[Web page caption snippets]
═══
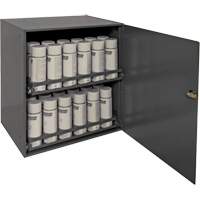 Armoire de rangement pour contenants a&eacute;rosol, Acier, 21-7/8" h x 15-15/16" la x 20-5/16" P, Gris Advanced Consulting and Training Ltd.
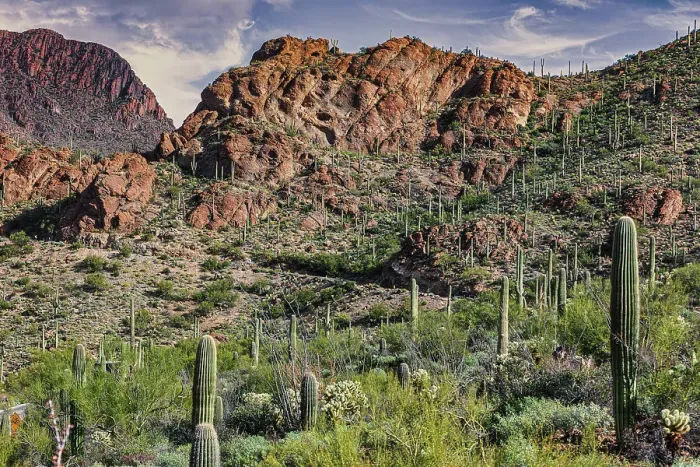 Framed Print : Saguaro National Park around Tucson, Arizona Framed Print : Saguaro National Park around Tucson, Arizona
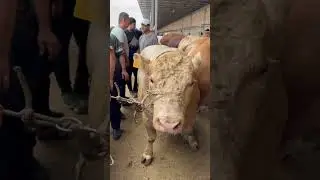 SHO‘RO MOL BOZOR AVLIKOL TAROZIDA JANJAL BO‘LDI TOSHI TO‘G‘RI KEMADI 54.000 SO‘M BARAKA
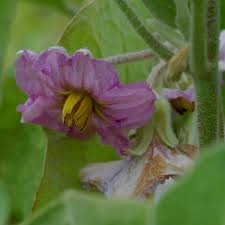 Image result for Solanum schumannianum
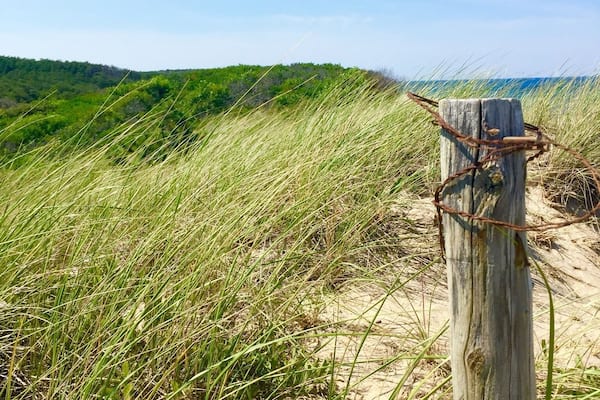 Newcomb Hollow Beach is on the east coast of Cape Cod just a Little north of Wellfleet, Massachusetts. There is a small parking lot that sometimes has a food truck selling goodies. The dunes separating the beach from the road prevent cell phone service but they are beautiful!
#BeachTips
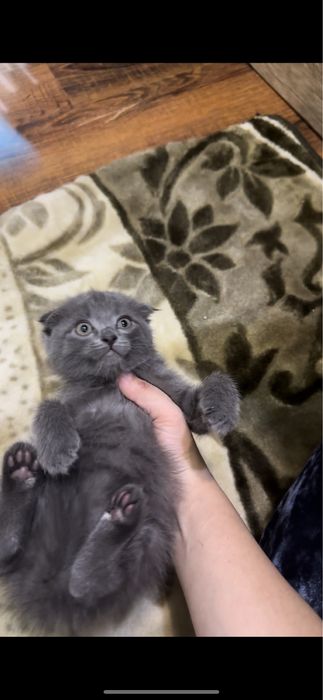 Скотиш фолт 1 ярим ойлик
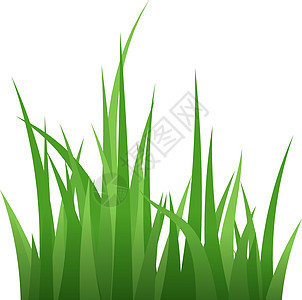 绿色绿草叶 新鲜的夏季植物 生态符号图片
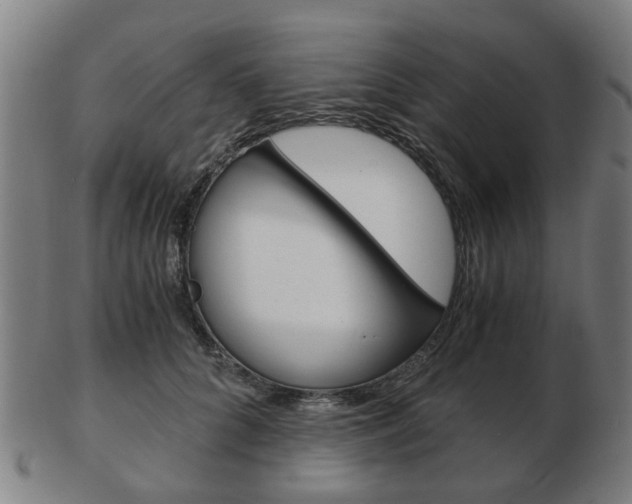 X0000103480704200809120928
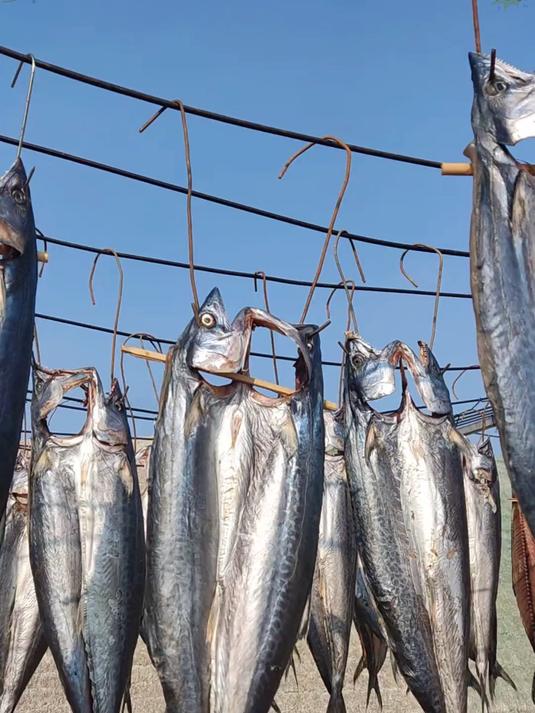 这么厚的鲅鱼肉煎着吃老过瘾了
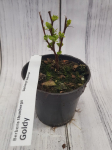 Dekoratyvinis krūmas, rauger&scaron;kis tunbergo "Goldy/yellow Bird", vazonėlio skersmuo 9 cm.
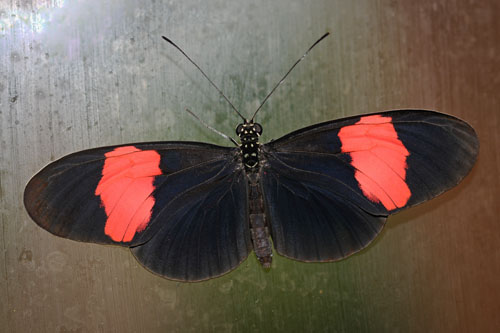 Common Longwing, Heliconius erato ssp. adana (J. Turner, 1967). Trinidad january 12, 2020. Photographer; Tubas Løkkegaard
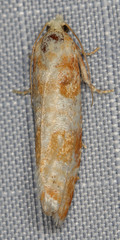Eucopina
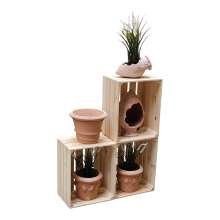 Holzkisten Obstkisten Natur 50 x 40 x 30cm 3er Set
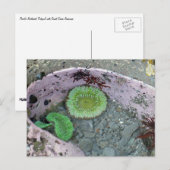Pazifik Nordwesttidepool mit grünen Anenomen Postkarte (Vorne/Hinten)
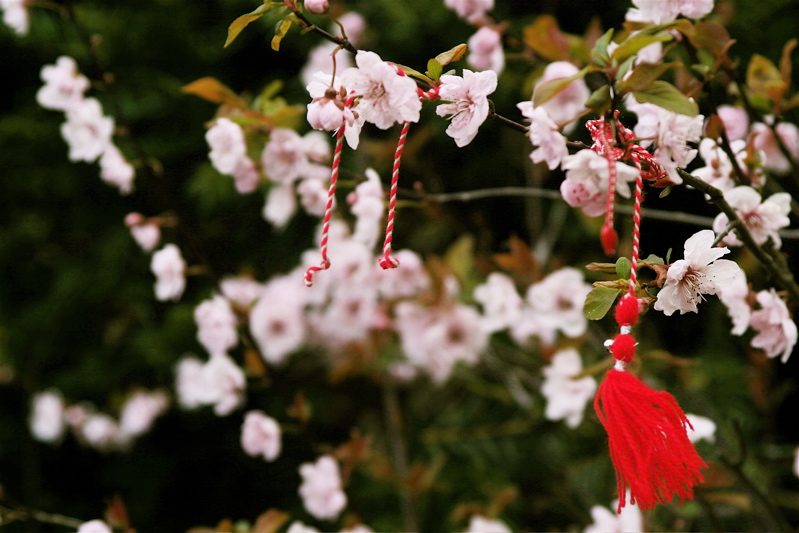spring sign
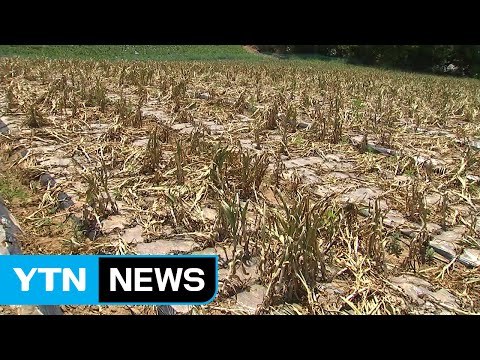 농작물 가뭄에 바짝 말라...충남 급수체계 조정 나서 / YTN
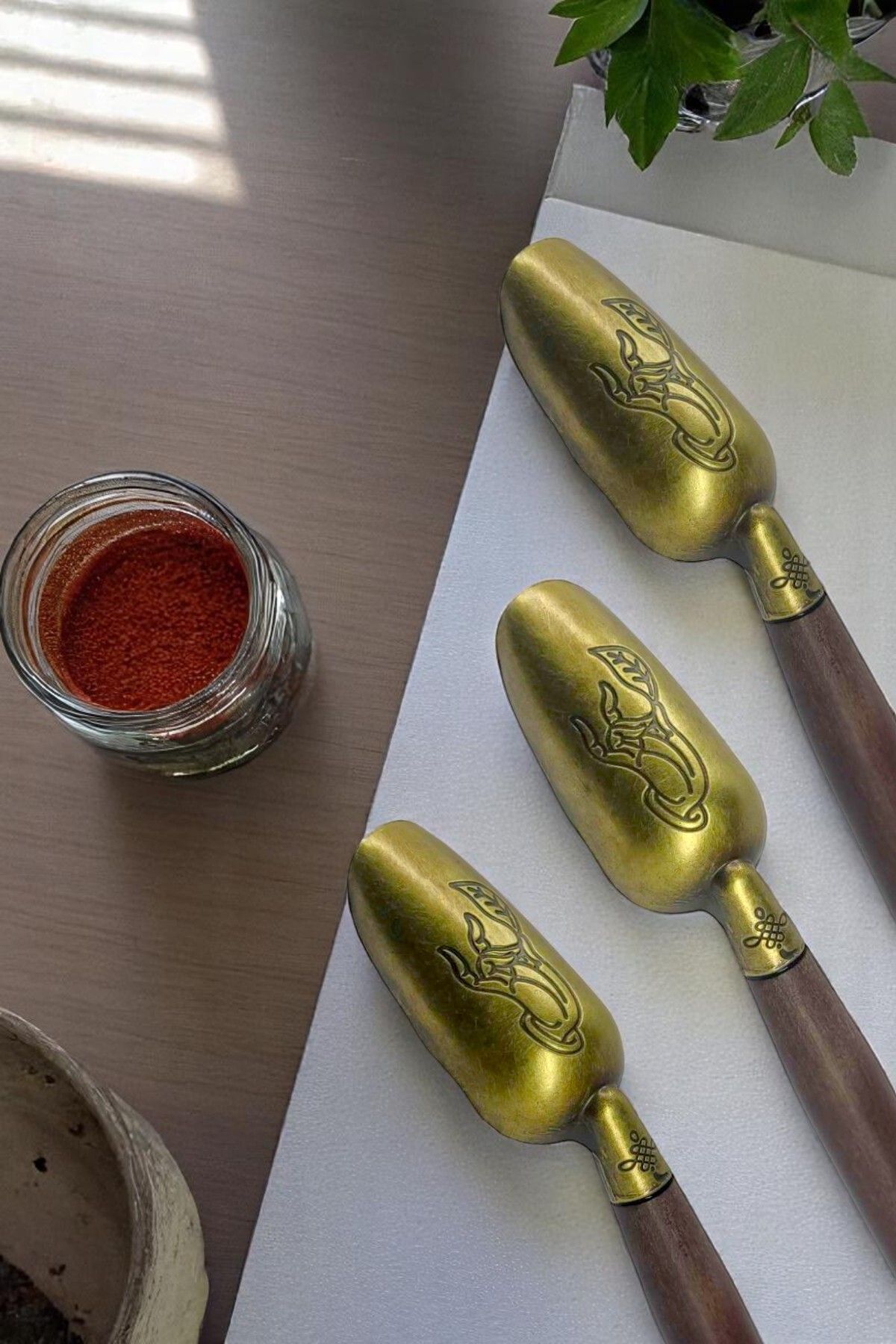 Kitchen Way İşlemeli Bambu 3 Adet Akasya Baharat Küreği Ahşap Saplı Gold Renk KW-527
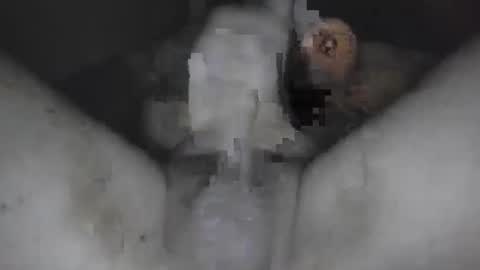 Lover Boy online show from December 5, 2:31 am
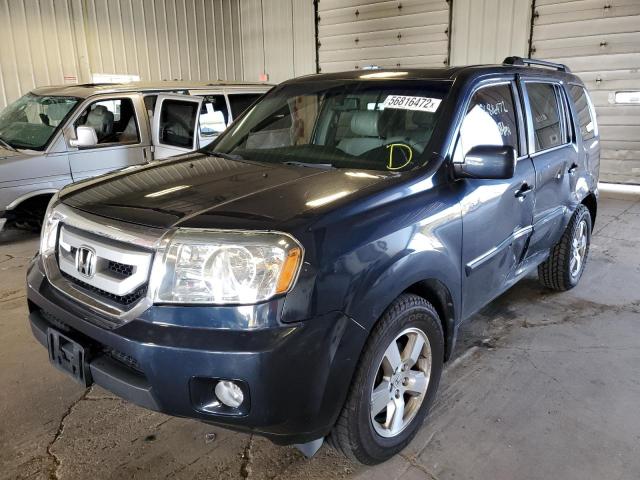 Photo 1 VIN: 5FNYF4H61AB030239 - HONDA PILOT EXL 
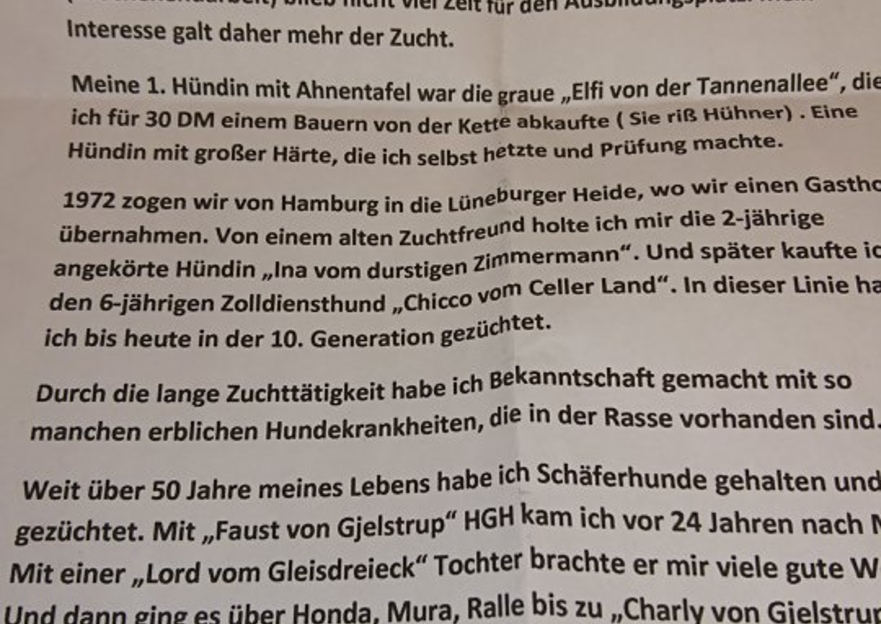 Bild Galerie Hero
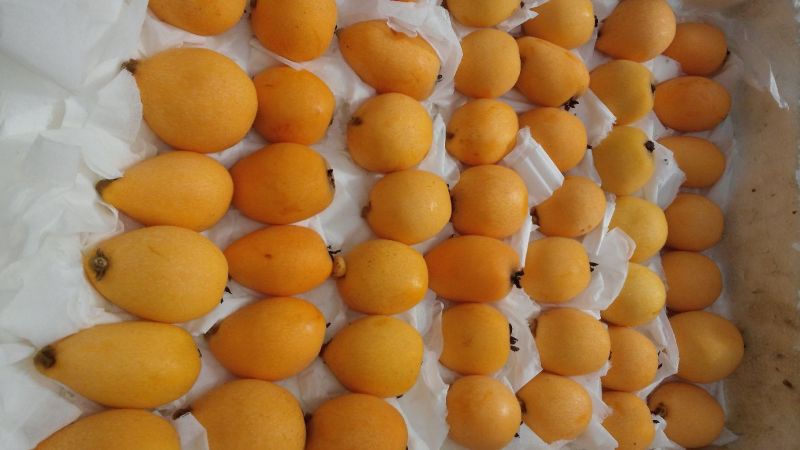 长虹枇杷0.4两以上产地直供量大从优保质保量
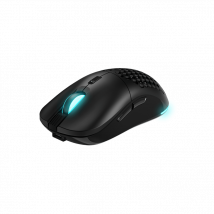 Souris Gaming sans Fil Newskill Arakne Elite RGB 16.000 DPI - FBA Professionnelle Ambidextre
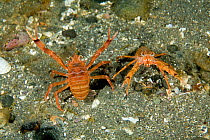 Squat lobsters (Munida quadrispina) UNESCO Natural World Heritage Site, Golfo Nuevo, Peninsula Valdes, Chubut, Patagonia, Argentina, Atlantic Ocean, October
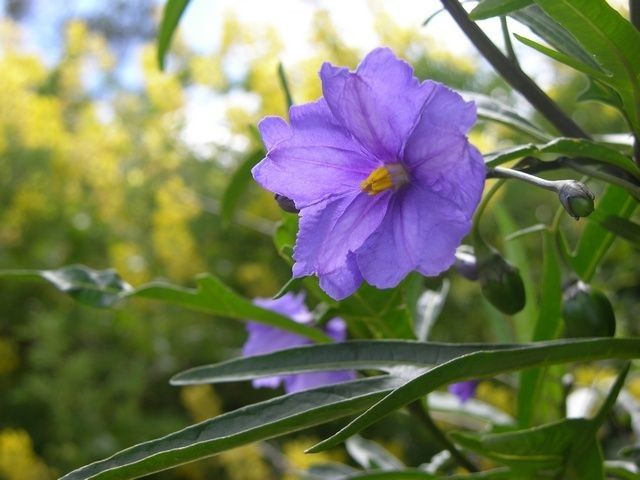 Forest nightshade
═══
The range to print runs from the line with "Squat lobsters (Munida" through the last line of the entries, both included; keep it exact and skip the pictures.

RESPONSE TO THIS TASK:
 Squat lobsters (Munida quadrispina) UNESCO Natural World Heritage Site, Golfo Nuevo, Peninsula Valdes, Chubut, Patagonia, Argentina, Atlantic Ocean, October
 Forest nightshade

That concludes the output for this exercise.